Les valeurs, est-ce "vendeur" ?

Dès lors que sont levés les doutes quant à la probité de la communication en tant que telle, demeure la question centrale des structures sociales et solidaires, construites autour de valeurs fortes qui structurent l’ensemble de leur stratégie : comment en parler ? Ces difficultés sont directement liées au cœur de métier de chaque structure et aux préjugés qui y sont attachés. Par exemple, Franck Carlu, directeur d’une structure de l’insertion par l’activité économique (SIAE), témoigne de la nécessité de ne pas toujours insister sur l’aspect social de l’insertion auprès de ses interlocuteurs qui, lorsqu’ils ne sont pas sensibilisés à ces enjeux, sont susceptibles d’y attacher des a priori négatifs et de craindre pour le professionnalisme de la structure.
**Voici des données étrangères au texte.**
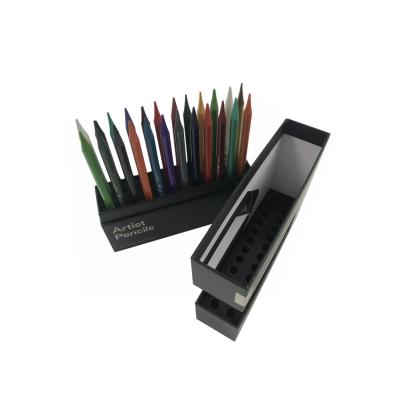 China Recycled materials paper box with lid and raw paper stationery box for colored pencils for sale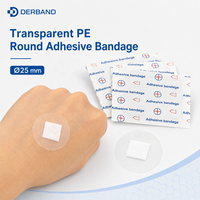 DERBAND OEM Pansement adhésif rond transparent en PE 25mm Stérile EO Emballé individuellement Imperméable Pansement ponctuel Marque privée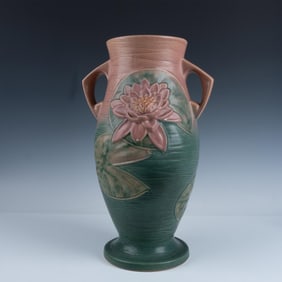 Vintage Roseville USA Pottery Floor Vase, Water Lily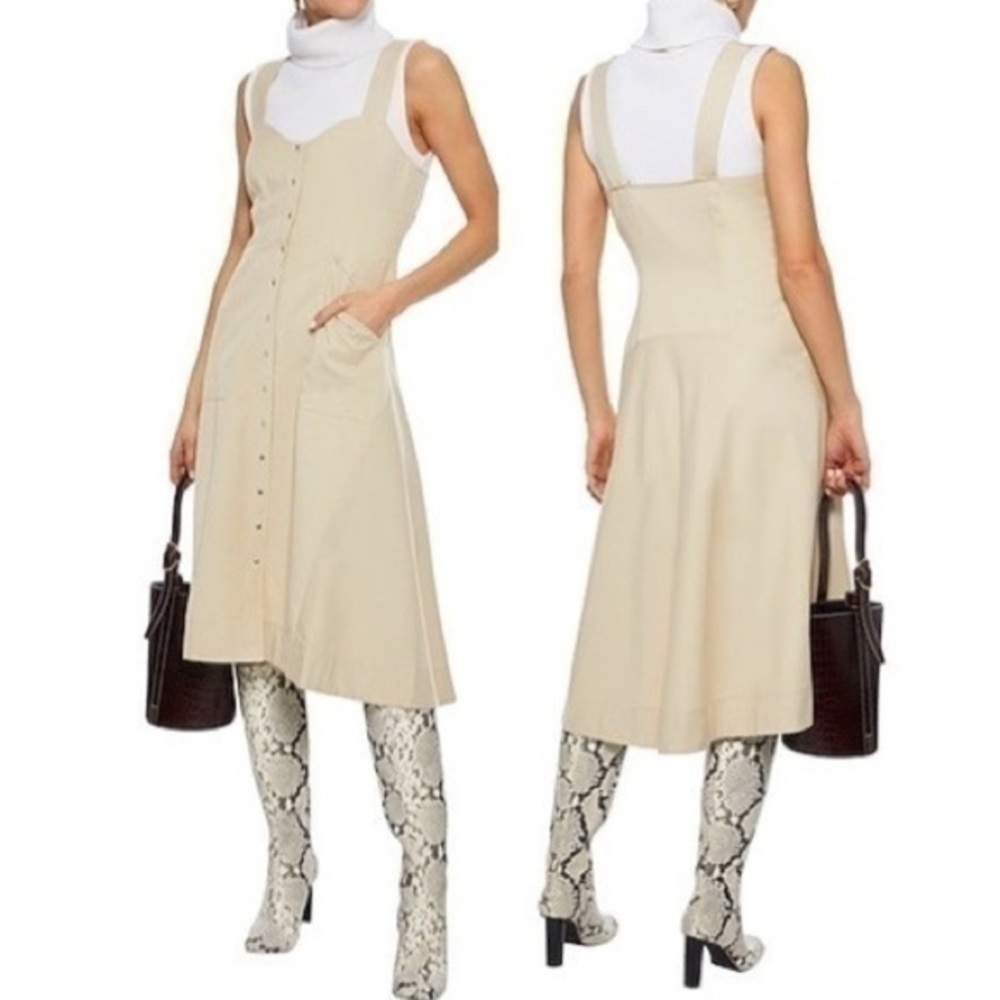 A.L.C Sleeveless Summer Dress Size 4 Button Down Neutral Tan Midi Minimalist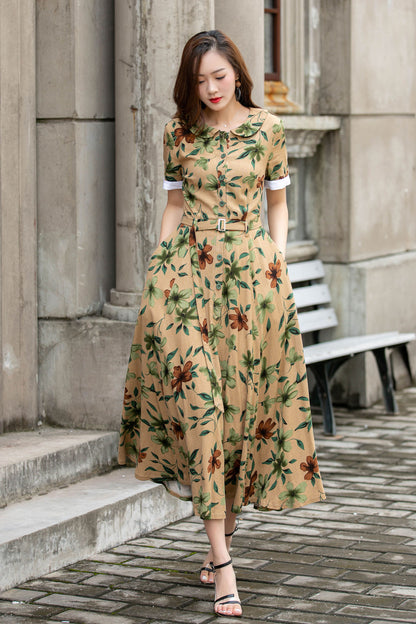 Handmade Floral Linen Dress – Vintage Belted A-Line Midi Dress for Women | Xiaolizi 4418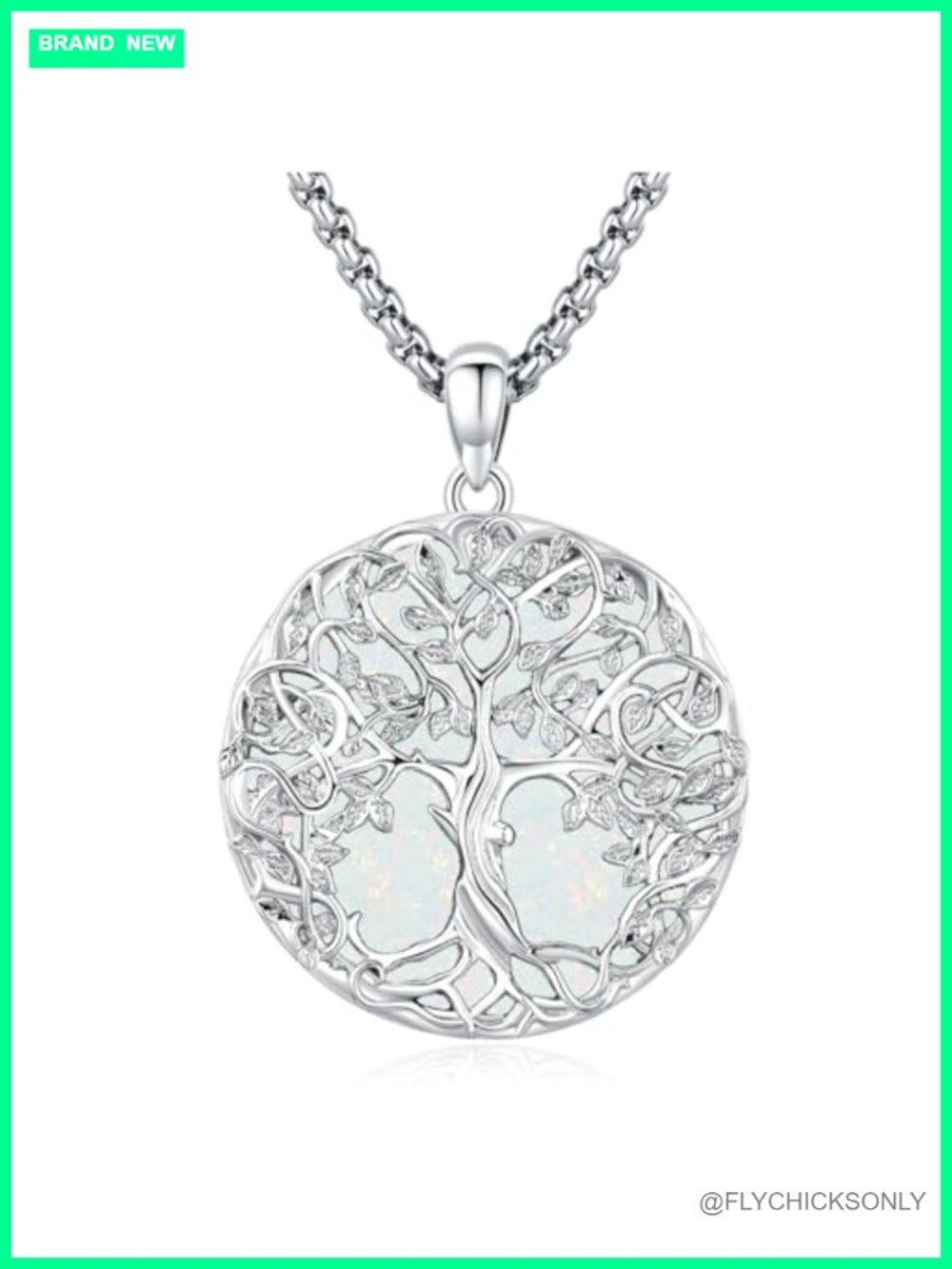 Sterling Silver Tree of Life Opal Pendant Necklace
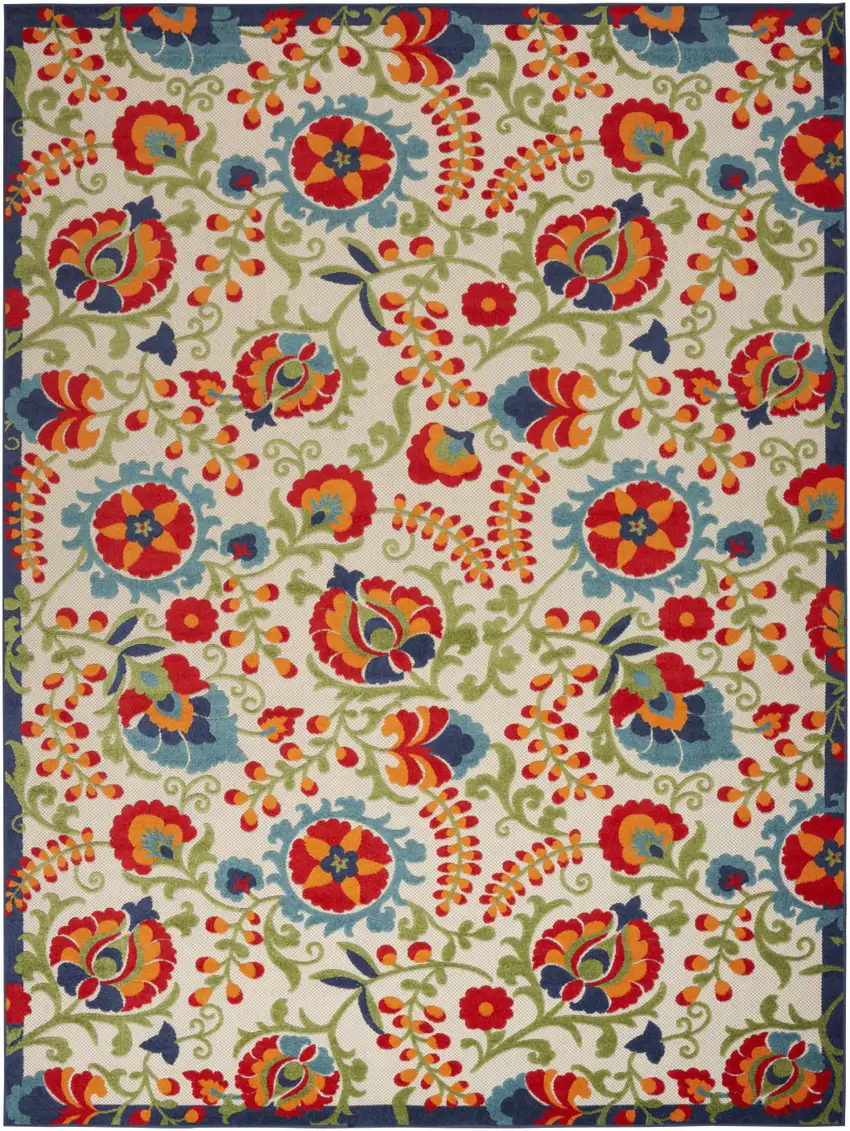 Beige Floral Power Loom Area Rug Photo 1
Autre exemple : comment parler des enjeux environnementaux centraux d’une structure, sans que ces valeurs ne créent un sentiment de culpabilisation auprès de publics peu "écolos" et donc un rejet ? Afficher ses valeurs fondatrices pourraient ainsi apparaître comme un frein à leur diffusion !

Face à ce paradoxe, le Manuel de communication recommande, en plus d’établir très clairement les valeurs fondatrices de sa structure en interne, de savoir où l’on désire poser son "curseur valeurs". La question ainsi posée est : "Les valeurs sont centrales au cœur de votre projet, mais doivent-elles automatiquement être centrales dans votre message de communication ?" Le curseur permet d’ajuster le positionnement de la communication vis-à-vis des valeurs fondatrices en fonction des supports et de leurs destinataires – sans rien retirer des valeurs qui portent le travail quotidien de la structure.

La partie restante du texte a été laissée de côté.